> _EXERCISE REQUIREMENTS_
Return, word for word, only the lines of the data below that lie between the line with "Una piscina al aire libre" and the line with "Asus NovaGo. Foto: Adi Fida Rachman/detikINET Asus", those two lines included.

> _SUPPLIED RECORDS_
--- START ---
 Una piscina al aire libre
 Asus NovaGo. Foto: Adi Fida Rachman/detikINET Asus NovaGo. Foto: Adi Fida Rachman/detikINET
--- END ---
--- START ---
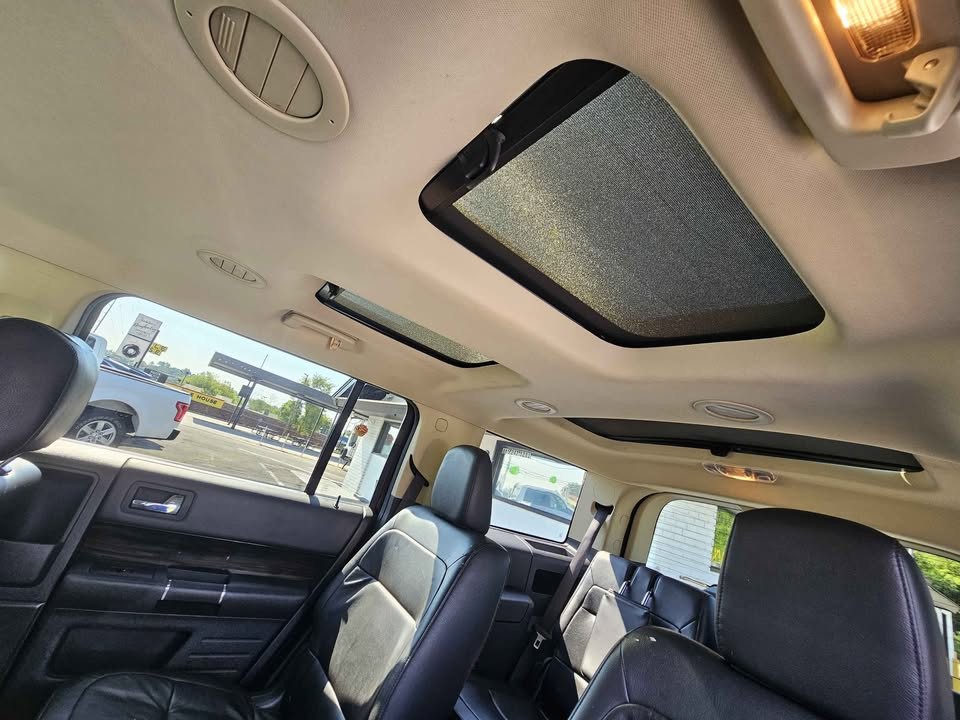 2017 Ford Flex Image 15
--- END ---
> _EXERCISE OUTPUT_
 Una piscina al aire libre
 Asus NovaGo. Foto: Adi Fida Rachman/detikINET Asus NovaGo. Foto: Adi Fida Rachman/detikINET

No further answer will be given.